• _Exercise prompt_: When the line with "Brown Leather Aravon" turns up below, begin repeating exactly, and carry on through the line with "Grande imagem: 2/4"; no pictures go into the copy.

• _Source data_:
Segment Open

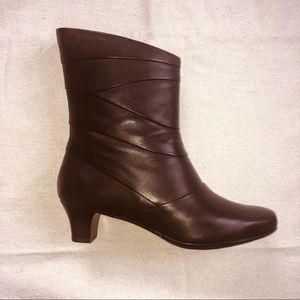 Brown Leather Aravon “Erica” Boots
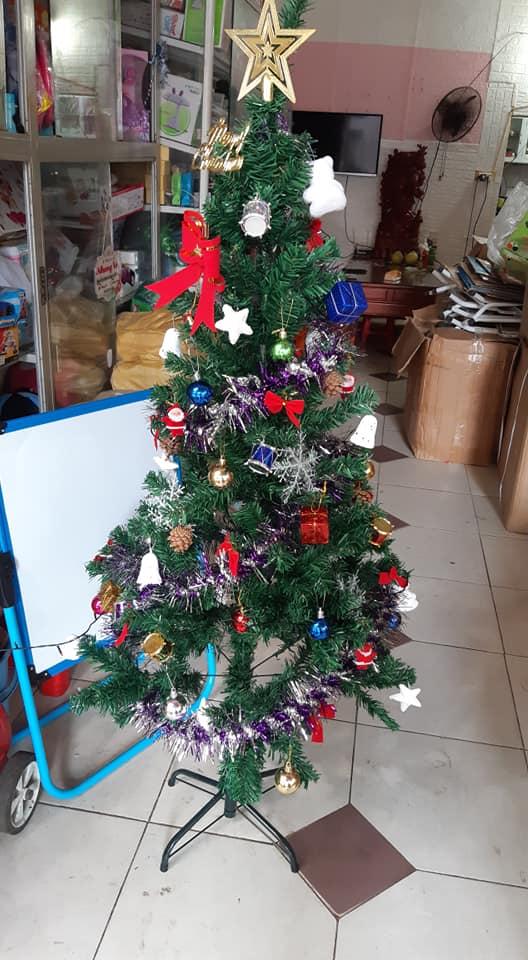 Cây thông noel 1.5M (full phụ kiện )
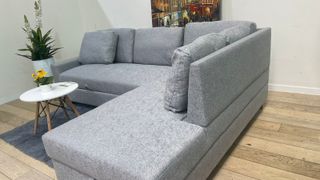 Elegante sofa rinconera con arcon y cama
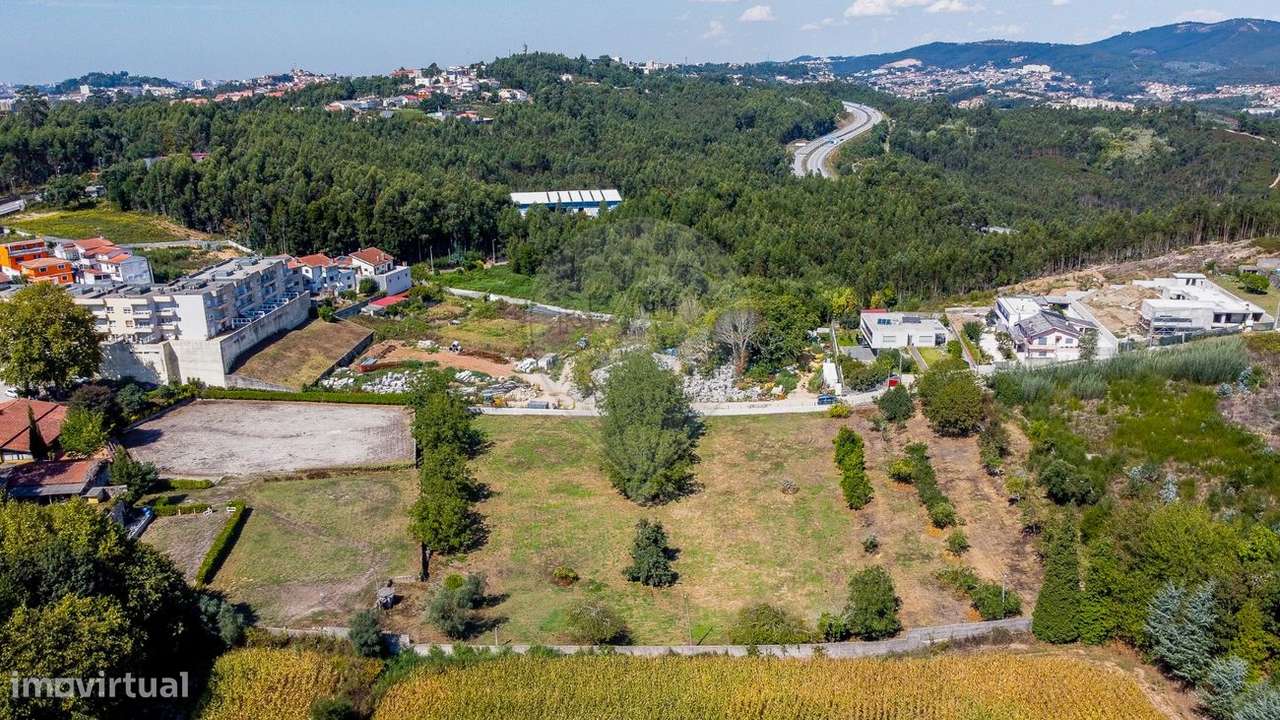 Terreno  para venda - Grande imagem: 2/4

Segment Closed
Segment Open

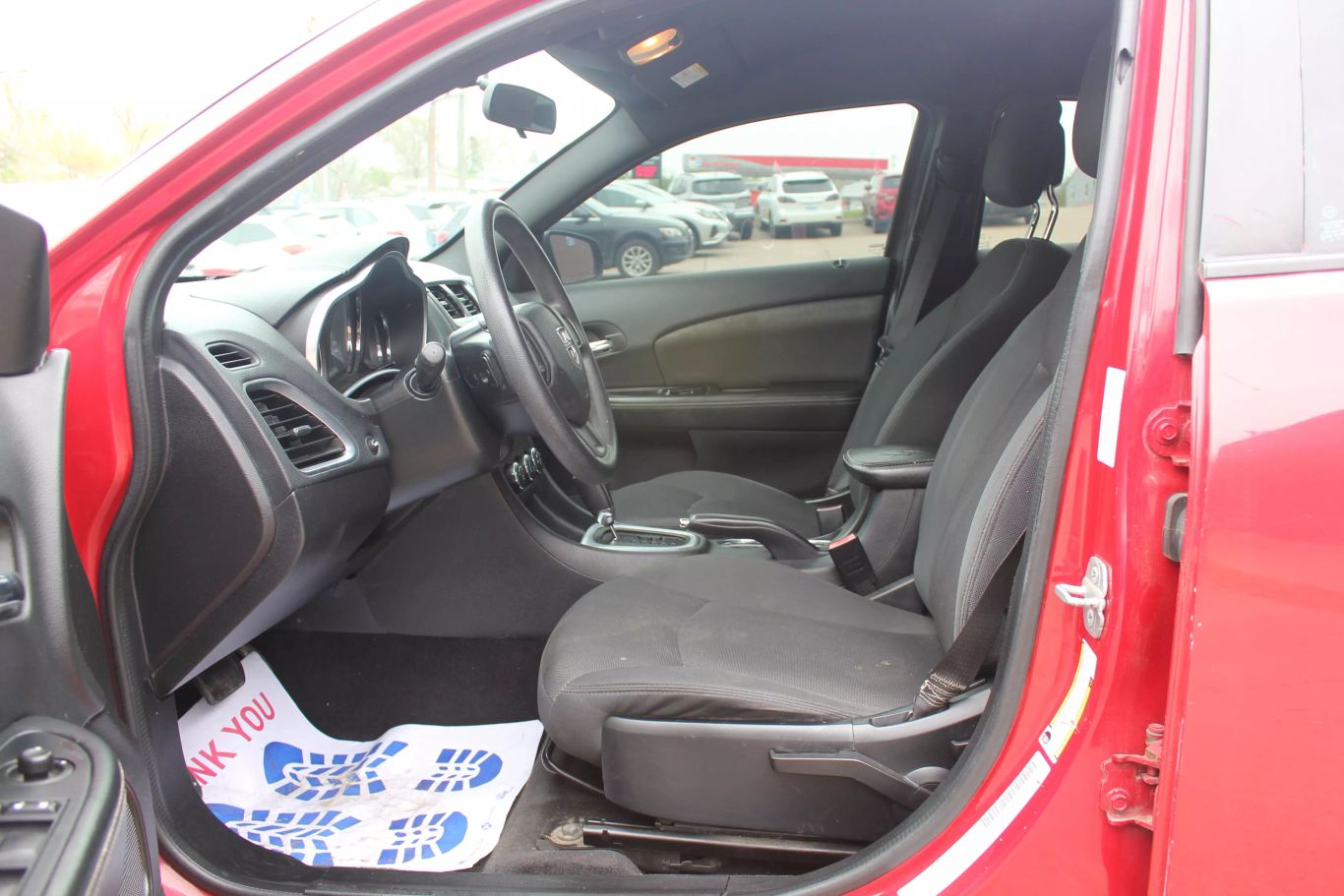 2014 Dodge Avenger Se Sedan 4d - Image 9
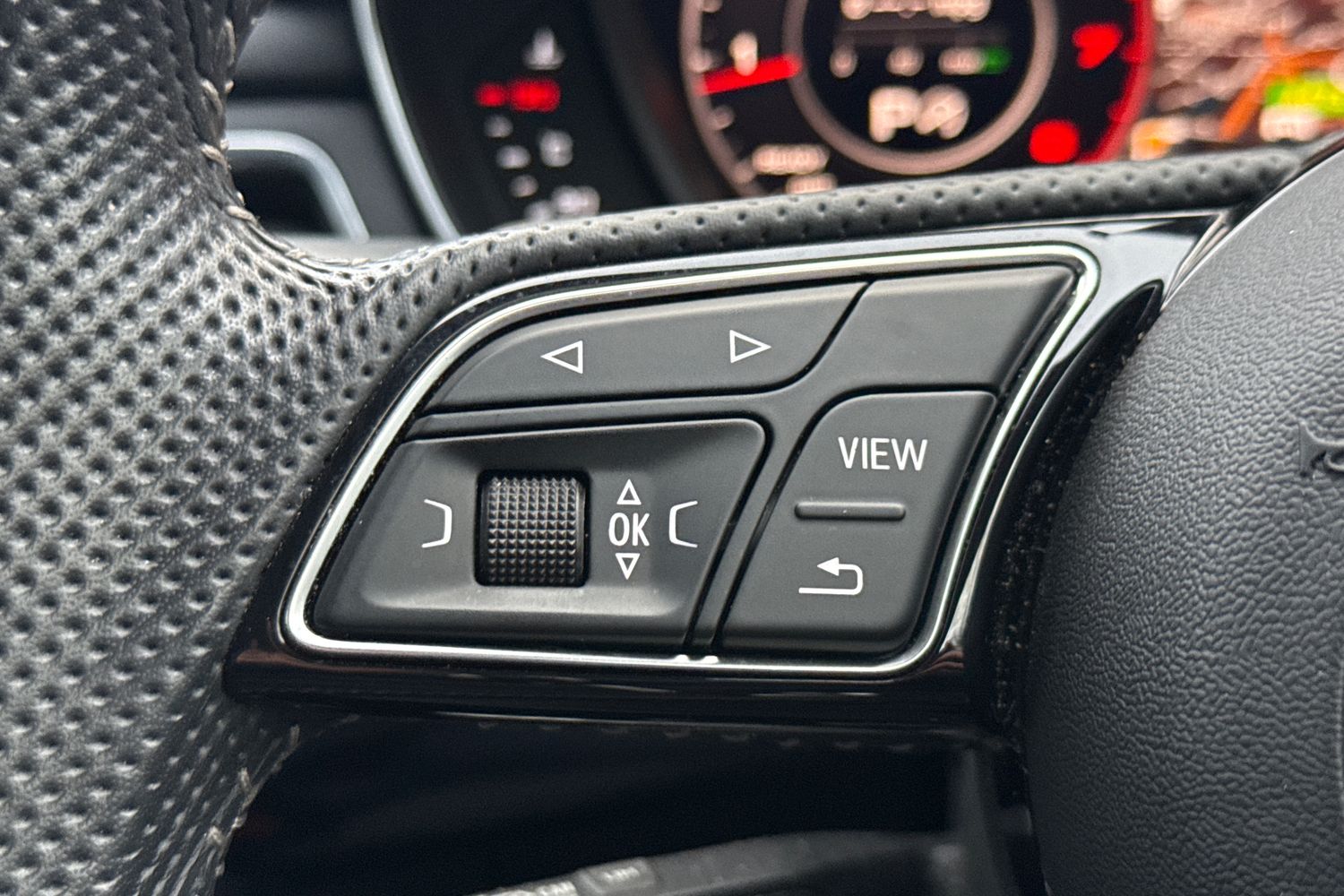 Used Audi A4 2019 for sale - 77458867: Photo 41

Segment Closed
Segment Open

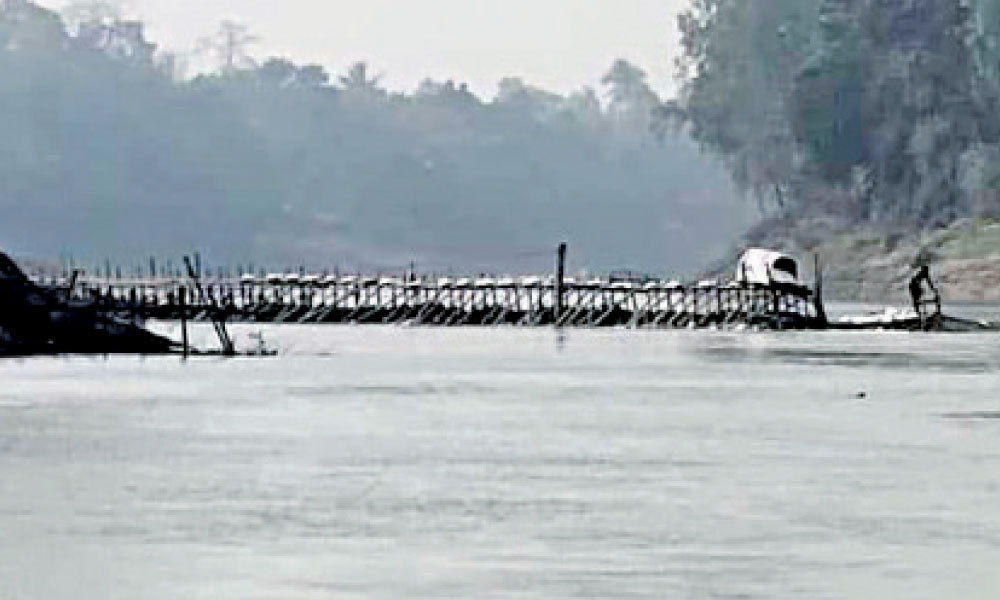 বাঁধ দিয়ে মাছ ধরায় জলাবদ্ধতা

Segment Closed

• _Result of the exercise_:
 Brown Leather Aravon “Erica” Boots
 Cây thông noel 1.5M (full phụ kiện )
 Elegante sofa rinconera con arcon y cama
 Terreno  para venda - Grande imagem: 2/4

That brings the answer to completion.